Speaking of Amplify, they are also connecting with Petshop to present their first annual Work in Progressexhibition. In 2019, Travis Apel, Liz Boutin, Anne Dovali, Holly Kranker and Tyler Swain were selected to participate in Amplify’s new educational program aimed at providing professional education to artists outside of traditional MFA programs. This exhibition, February 7-March 27, will show the results of their year as a cohort.
Continuing the trend of thematic groupings, Modern Arts Midtown opens its season January 3 with a group show featuring GraceAnn Warn, Michael James and recent gallery addition, photographer Jason Papenfuss, as well as some new abstractions by Omaha artists (through February 28). The Michael Phipps Gallery at OPL will highlight the idiosyncratic narrative expressions of Shawnequa Linder, Derek Courtney and Joe Pankowski (March 6-April 26). Petshop follows with the Pro:Creation show curated by Abby Phoenix, Melynda Walsh and Alexia Madera, which explores the perspectives of artist-parents (April 3-May 29).
Perhaps the tastiest cluster of Omaha’s finest will be at the Roberta and Bob Rogers Gallery, which will be hosting the OEAA Visual Arts showcase from February 7-22. The annual exhibition provides a nice reminder of the best of the Omaha arts scene from 2019. That will be followed by an exhibition featuring the work of the late Wanda Ewing (March 13-April 4), a revival of the print fair (April 16-19), and a Luke Severson solo (May 8-30).
There are several other worthwhile solo shows to savor as well. The Art Gallery at UNO is highlighting Watie White’s ongoing 100 People Project from January 17-February 22. The Fred Simon Gallery will feature Tim Guthrie from February 14-April 9. Known for his immersive, collaborative and content-driven installations, Guthrie will instead return to his work in traditional media of drawing and painting.

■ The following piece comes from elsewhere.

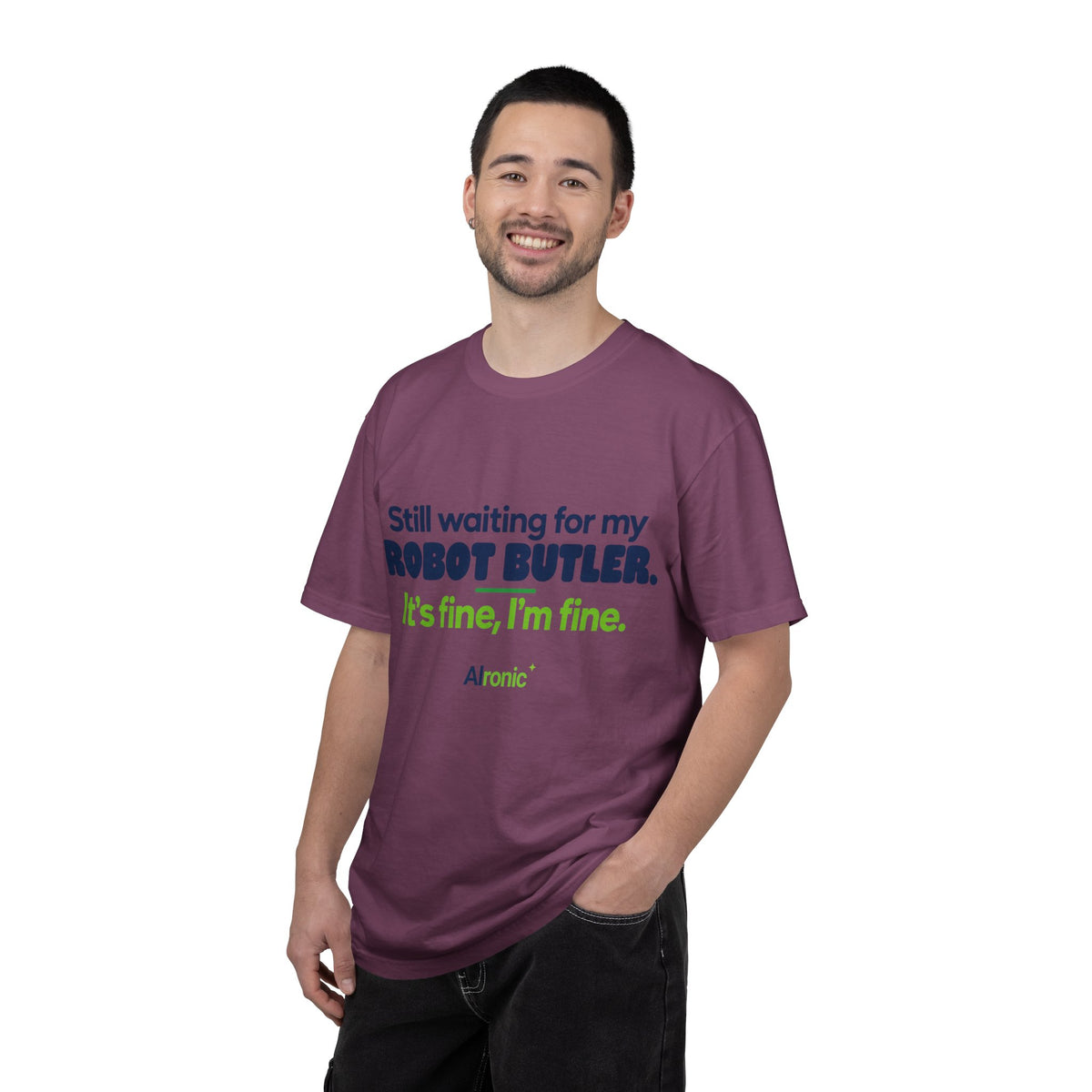 Still Waiting for My Robot Butler T-Shirt — Funny Tech Humor Tee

John Dennison’s expressionistic ceramic art will fill the expansive Sunderland Gallery at the Cathedral Arts Project from March 8-April 12. And Metro’s Elkhorn campus Gallery of Art and Design will showcase the watercolors of Melissa Wilkinson, a Tennessee-based artist whose surrealistic nature-based compositions are filled with a collaged assortment of digitally-sourced images (March 11-April 7).
As the season expands, so too will the tantalizing visual treats offered by the area’s venues large and small. Sample them, and it’s the one 2020 resolution that will keep giving back all year round.